The row is removed from the table only after the handler completes successfully. If the worker dies mid-handler, the lease expires and another worker re-claims the row. The same applies if the handler ran but the worker crashed before the terminal DELETE landed.

The trade-off: handlers must be idempotent. A handler that succeeded but whose DELETE failed to land will be retried.

Opt-in DLQ on terminal failure

By default, terminal failures DELETE the row — no archive table, no dead-letter queue. Pass dlq_table=make_dlq_table(metadata) to the broker and terminal-by-failure rows are copied into a sibling audit table in the same Postgres statement as the DELETE:

from faststream_outbox import OutboxBroker, make_dlq_table, make_outbox_table

metadata = MetaData()
outbox_table = make_outbox_table(metadata, table_name="outbox")
dlq_table = make_dlq_table(metadata, table_name="outbox_dlq")
broker = OutboxBroker(engine, outbox_table=outbox_table, dlq_table=dlq_table)

Successful rows are never archived — the success path stays a plain DELETE. Three failure paths land in the DLQ with a failure_reason column: max_deliveries, retry_terminal, rejected. Atomicity is via a single CTE (DELETE … RETURNINGINSERT INTO <dlq>), so DLQ-write failures roll back the DELETE — misconfiguration surfaces as outbox growth plus lease_lost spikes rather than silent audit loss. When dlq_table is configured, broker.validate_schema() checks both tables in one call and reports drift on either one. See the Dead-letter queue page for the schema, atomicity, and retention story.

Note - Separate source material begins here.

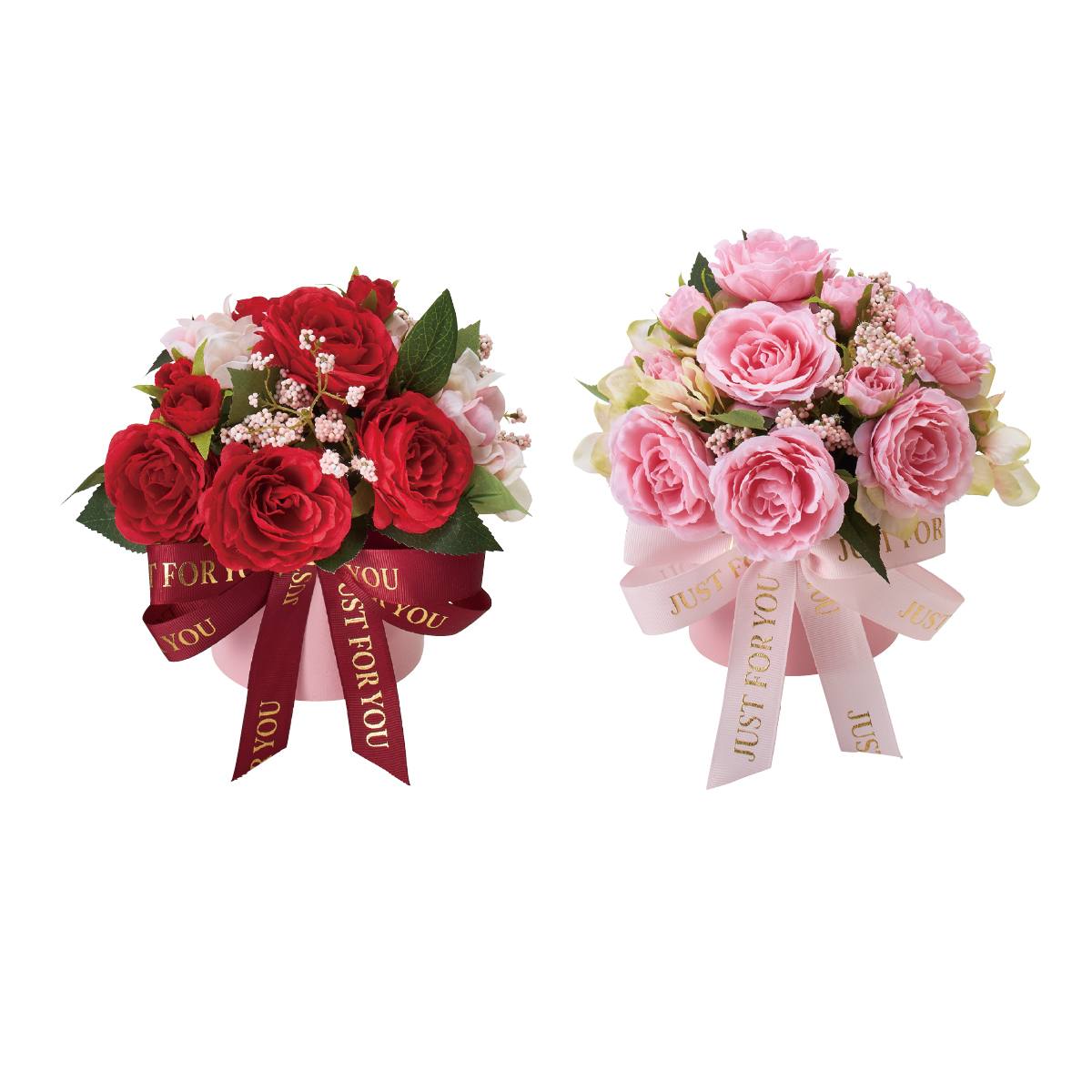 ローズ造花アレンジ18cm レッド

If you don't want a DLQ, you can still preserve failed messages by logging from the handler before the terminal failure propagates, or by attaching an audit column to the outbox table (the schema validator ignores extras you add).

Failure modes

  • Handlers must be idempotent. Crash between commit-of-handler-side-effects and the broker's DELETE re-delivers the message.
  • Best-effort ordering only. FOR UPDATE SKIP LOCKED does not preserve strict order under concurrent workers. If you need strict per-aggregate ordering, route to a single subscriber and run a single worker.
  • DLQ is opt-in. Without dlq_table=, terminal failures DELETE the row.

Relay to Kafka / RabbitMQ / NATS / Redis

Relay outbox rows to Kafka / RabbitMQ / NATS / Redis with a single decorator → Relay tutorial.

Acknowledgements

The architecture of this package is heavily informed by Arseniy Popov's PR #2704 (feat: add sqla broker) on upstream FastStream — the FastStream broker/registrator/subscriber wiring, the SELECT … FOR UPDATE SKIP LOCKED fetch-and-claim CTE, the retry strategy hierarchy, and the in-transaction publish contract all originate from there. This package is a Postgres-only reimplementation that diverges in storage model (lease tokens instead of an explicit state column, opt-in DLQ instead of a mandatory archive table), loop structure (two loops instead of four), wake-up mechanism (LISTEN/NOTIFY), and adds timer mechanics. Credit for the original design belongs to Arseniy.